This code was created for a project for CMPE-789 Machine Learning for Cybersecurity Analytics. The code allows for testing of transfer learning on an intrusion detection dataset. For more details see the included presentation with an overview and results.
Download the CIC-IDS-2017 and/or the CIC-IDS-2018 dataset to use this code.
CIC-IDS-2018: link
CIC-IDS-2017: link
The code could be adapted for other datasets, but this requires further work.
You may use the provided Dockerfile to build a container with all of the necessary requirements required to run the provided code. However, you must have some version of CUDA, Docker and the NVIDIA container toolkit installed (see link).
Otherwise, feel free to set up the environment in whatever way you want.
- Copy Dockerfile template
$ cp Dockerfile Dockerfile.new
- Update lines 4 and 18 with desired author info and username
- Update .dockerignore with any added directories as necessary
- Build the Docker container
$ docker build -t <desired-tag> -f Dockerfile.new .
- Run Docker Container.
<tag>
must be the same tag used in step 4.docker run -it --gpus all --shm-size=25G -e HOME=$HOME -e USER=$USER -v $HOME:$HOME -w $HOME --user <created-user> <tag>
- Navigate to code (Home directories will be linked) and run
The random forest classifier is used as a baseline for the MLP model. The pkl-path argument can point to any empty directory where the preprocessed dataset will be saved to reduce preprocessing time on subsequent runs.
python3 classify_rf.py \
--max-depth=10 \
--data-path=/home/poppfd/data/CIC-IDS2018/Processed_Traffic_Data_for_ML_Algorithms/ \
--dset='cic-2018' \
--pkl-path=/home/poppfd/College/ML_Cyber/ml-project/data
There are two files for the MLP classifier. A training script mlp.py
and a
testing script eval_mlp.py
. Provided here are the sample commands to run
these scripts. These commands will have to be updated
to match your environment.
python3 mlp.py \
--dset=cic-2018 \
--data-root=/home/poppfd/data/CIC-IDS2018/Processed_Traffic_Data_for_ML_Algorithms/ \
--pkl-path=/home/poppfd/College/ML_Cyber/ml-project/data \
--batch-size=32 \
--eval-batch-size=1028 \
--num-epochs=10 \
--warmup-epochs=2 \
--learning-rate=1e-4 \
--min-lr=1e-6 \
--warmup-lr=1e-5 \
--name=train-2018-1
Note that the script is identical to freeze the feature extraction layer.

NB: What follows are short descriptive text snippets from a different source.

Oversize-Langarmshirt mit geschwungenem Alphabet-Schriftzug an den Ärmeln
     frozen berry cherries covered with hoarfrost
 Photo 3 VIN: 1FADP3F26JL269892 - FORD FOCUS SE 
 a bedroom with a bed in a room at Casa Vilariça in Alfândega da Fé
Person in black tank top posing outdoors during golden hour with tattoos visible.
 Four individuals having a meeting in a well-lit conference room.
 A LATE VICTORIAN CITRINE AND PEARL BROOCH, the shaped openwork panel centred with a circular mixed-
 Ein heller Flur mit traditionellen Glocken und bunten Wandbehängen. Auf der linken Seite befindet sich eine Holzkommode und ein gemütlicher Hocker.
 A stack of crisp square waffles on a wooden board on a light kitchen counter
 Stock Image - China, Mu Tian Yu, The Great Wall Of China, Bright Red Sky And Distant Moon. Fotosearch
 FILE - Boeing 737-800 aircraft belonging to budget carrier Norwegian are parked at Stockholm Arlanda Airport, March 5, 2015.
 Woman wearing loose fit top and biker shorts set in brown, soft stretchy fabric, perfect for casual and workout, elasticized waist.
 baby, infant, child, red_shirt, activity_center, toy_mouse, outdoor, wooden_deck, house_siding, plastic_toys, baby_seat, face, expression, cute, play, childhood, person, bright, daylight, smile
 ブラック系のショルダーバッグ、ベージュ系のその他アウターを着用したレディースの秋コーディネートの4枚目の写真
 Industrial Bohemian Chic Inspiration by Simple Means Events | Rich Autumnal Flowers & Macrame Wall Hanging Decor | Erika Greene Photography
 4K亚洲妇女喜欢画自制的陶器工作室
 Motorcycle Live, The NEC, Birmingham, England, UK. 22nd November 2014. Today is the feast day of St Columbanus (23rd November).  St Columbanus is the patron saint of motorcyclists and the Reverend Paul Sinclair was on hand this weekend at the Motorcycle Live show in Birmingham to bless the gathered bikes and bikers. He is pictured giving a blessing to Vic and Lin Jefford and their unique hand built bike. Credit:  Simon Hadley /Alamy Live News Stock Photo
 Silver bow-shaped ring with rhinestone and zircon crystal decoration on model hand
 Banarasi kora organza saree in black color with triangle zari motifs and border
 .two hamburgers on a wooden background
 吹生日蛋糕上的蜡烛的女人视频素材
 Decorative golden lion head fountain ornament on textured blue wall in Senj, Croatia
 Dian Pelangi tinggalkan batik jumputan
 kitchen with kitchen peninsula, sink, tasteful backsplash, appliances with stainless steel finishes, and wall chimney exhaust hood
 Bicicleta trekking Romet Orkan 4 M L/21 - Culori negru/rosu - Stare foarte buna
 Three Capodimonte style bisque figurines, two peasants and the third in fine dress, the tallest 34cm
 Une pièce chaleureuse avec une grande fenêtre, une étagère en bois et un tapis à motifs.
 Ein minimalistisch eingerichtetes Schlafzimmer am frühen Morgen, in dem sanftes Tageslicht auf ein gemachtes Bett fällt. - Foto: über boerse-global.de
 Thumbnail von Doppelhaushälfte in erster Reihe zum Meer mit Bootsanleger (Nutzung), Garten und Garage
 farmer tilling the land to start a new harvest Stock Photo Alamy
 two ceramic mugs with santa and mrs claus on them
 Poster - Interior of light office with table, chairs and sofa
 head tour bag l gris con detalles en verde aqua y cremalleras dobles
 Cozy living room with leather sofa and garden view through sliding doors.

Update --transfer-learn=freeze-feature
python3 mlp.py \
--dset=cic-2017 \
--data-root=/home/poppfd/data/CIC-IDS2017/MachineLearningCVE \
--pkl-path=/home/poppfd/College/ML_Cyber/ml-project/data \
--batch-size=32 \
--eval-batch-size=1028 \
--num-epochs=10 \
--warmup-epochs=2 \
--learning-rate=1e-4 \
--min-lr=1e-6 \
--warmup-lr=1e-5 \
--transfer-learn=fine-tune \
--source-classes=10 \
--pretrained-path=/home/poppfd/College/ML_Cyber/ml-project/output/mlp-5-layer-3/model_eval_5.pth \
--name=transfer-2017-fine-tune
python3 eval_mlp.py \
--dset='cic-2018' \
--dataset-dir=/home/poppfd/data/CIC-IDS2018/Processed_Traffic_Data_for_ML_Algorithms/ \
--pkl-path=/home/poppfd/College/ML_Cyber/ml-project/data \
--model-path=/home/poppfd/College/ML_Cyber/ml-project/output/transfer-2018-freeze-1/model_eval_23.pth \
--batch-size=1028 \
--name=transfer-2018-freeze-1
The eval_mlp.py
script can also be used to generate t-SNE visualizations of
the MLP feature embedding. For this case since the t-SNE is really slow for a
high number of samples, only a small subset of the evaluation dataset is used
for the t-SNE plots. Therefore, all other output of this run should be ignored
as it does not include the full evaluation dataset.
python3 eval_mlp.py \
--dset='cic-2018' \
--dataset-dir=/home/poppfd/data/CIC-IDS2018/Processed_Traffic_Data_for_ML_Algorithms/ \
--pkl-path=/home/poppfd/College/ML_Cyber/ml-project/data \
--model-path=/home/poppfd/College/ML_Cyber/ml-project/output/transfer-2018-freeze-1/model_eval_23.pth \
--batch-size=1028 \
--tnse \
--tsne-percent=0.01 \
--name=transfer-2018-freeze-1